An overarching sense has fallen over some citizens of the United States who held the popular vote in the latest presidential election that even if they march, protest, or speak out, their actions and words fall on deaf, billionaire presidential ears.
Why march? Many people asked the individuals who participated in Women’s Marches around the world on Jan. 21. It’s not like by marching you can change who the president is.
They’re right.
It’s hard to articulate why people march when it seems like the odds are stacked against them, when people can show up by the millions in cities from Washington D.C. to New York City to Boston, as well as around the world, and their chanting and footsteps and outrage and fear and desire to hope for something better can be ignored by the leader of an increasingly less-free world.

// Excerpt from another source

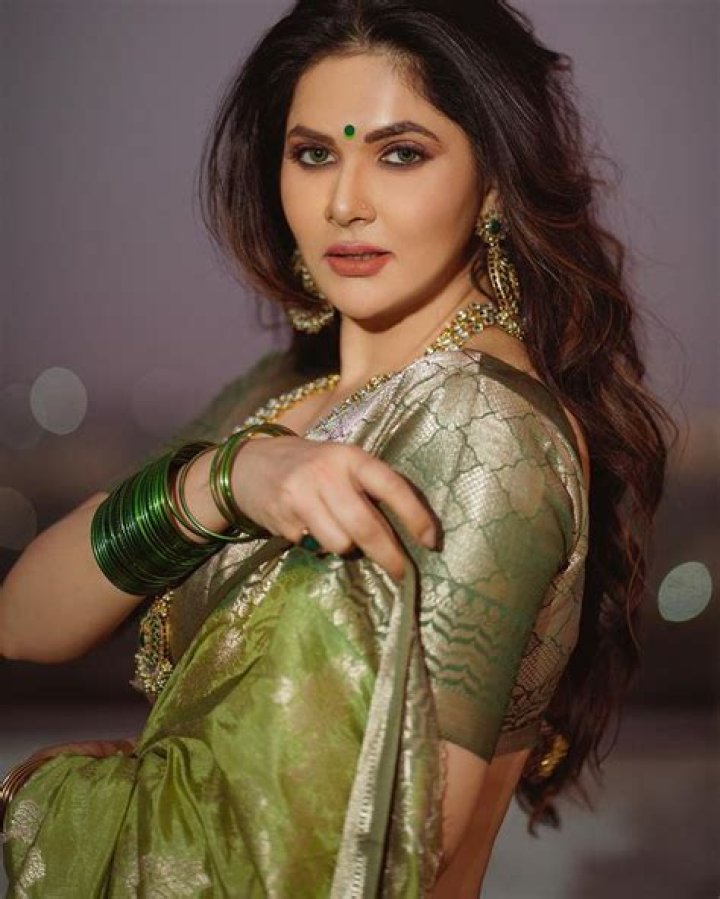 Sexy and hot reels of XXX, Gandii Baat star Aabha Paul go viral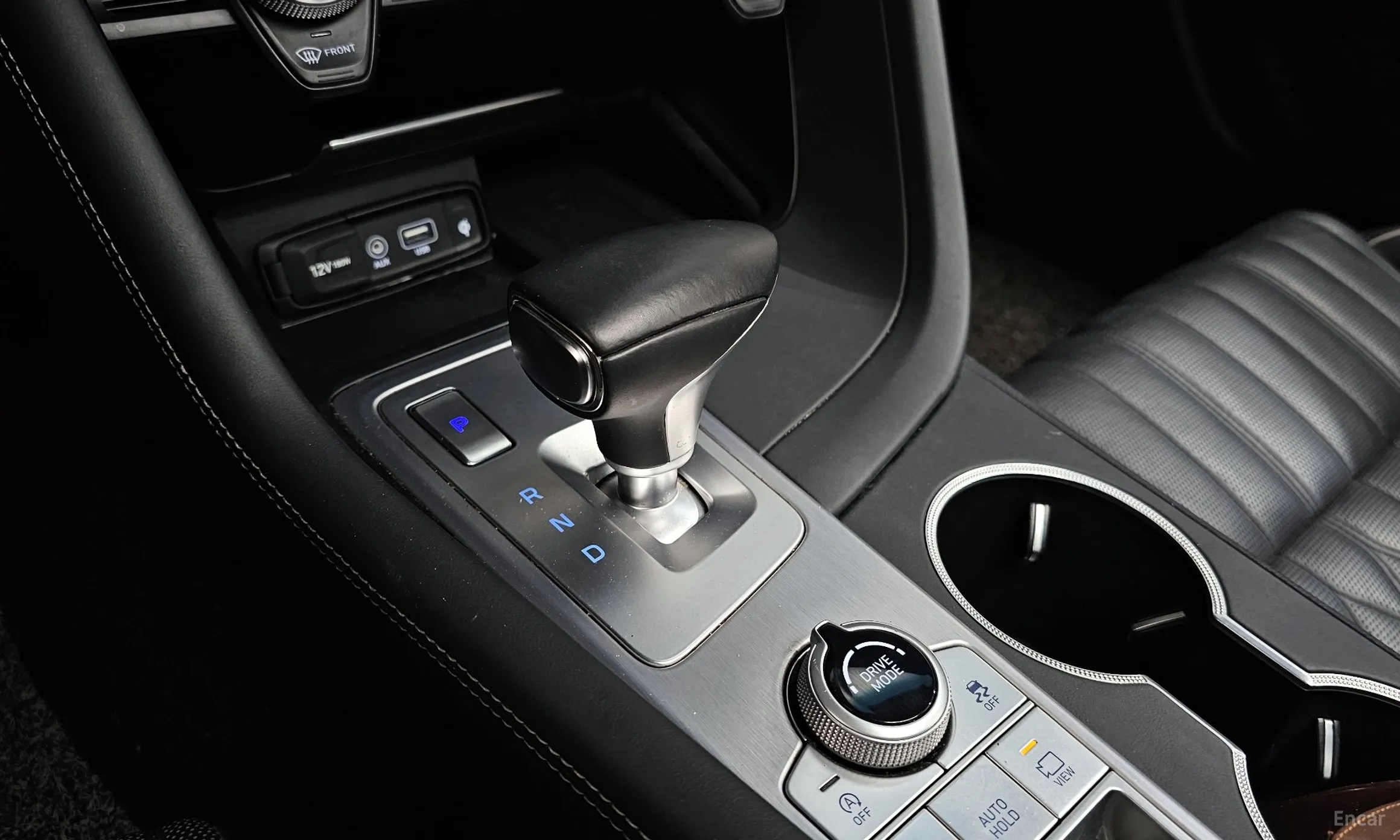 Genesis G70 превью 9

Our history as a nation is messy, ugly, and full of corruption. It is also multifaceted, beautiful, full of freedoms seized and moments of victory. Our present is just as complex, just as ugly, just as full of hope for a better outcome. Americans have been raising our voices since before we had even signed the Declaration of Independence, before were really even “American”.
As Americans feel a more and more firm tug at the threads of human rights and the fabric of American society as a whole, many have tightened their grip. People march not because they cared less about racism, sexism, and nationalism, amongst other enormous issues at hand, three months ago, but because there is a renewed urgency today in response to an even more finite and legitimate threat.
As a journalist covering the events of the last few weeks, it seems like America has been asleep, perhaps, for a long time, and has only just woken up. The potential, immediate threat towards fundamental rights that people hold dear and rely on has jolted us awake and into action. We’ve been complacent, a deadly thing to democracy, freedom, and equality.
Many feel a necessity to stand today, to announce to others and our communities that Americans do care about one another, that there is a festering need in this country for honesty, and that people have a responsibility to do what they can to protect the rights of one another.
Our lifeblood as a country has always been a keen desire to call for a better life, the life we have long envisioned of equality and freedom and happiness. It’s a dream that has brought immigrants to the United States for centuries, and will continue to do so. It’s a dream many Americans, and non-Americans, cherish.
Without that hope for equality and freedom, without a legitimate right to the pursuit of happiness, we, frankly, are no longer American. And so we march, we protest, we call to action, we continue to keep the dream alive– it seems that that really is all that we can do.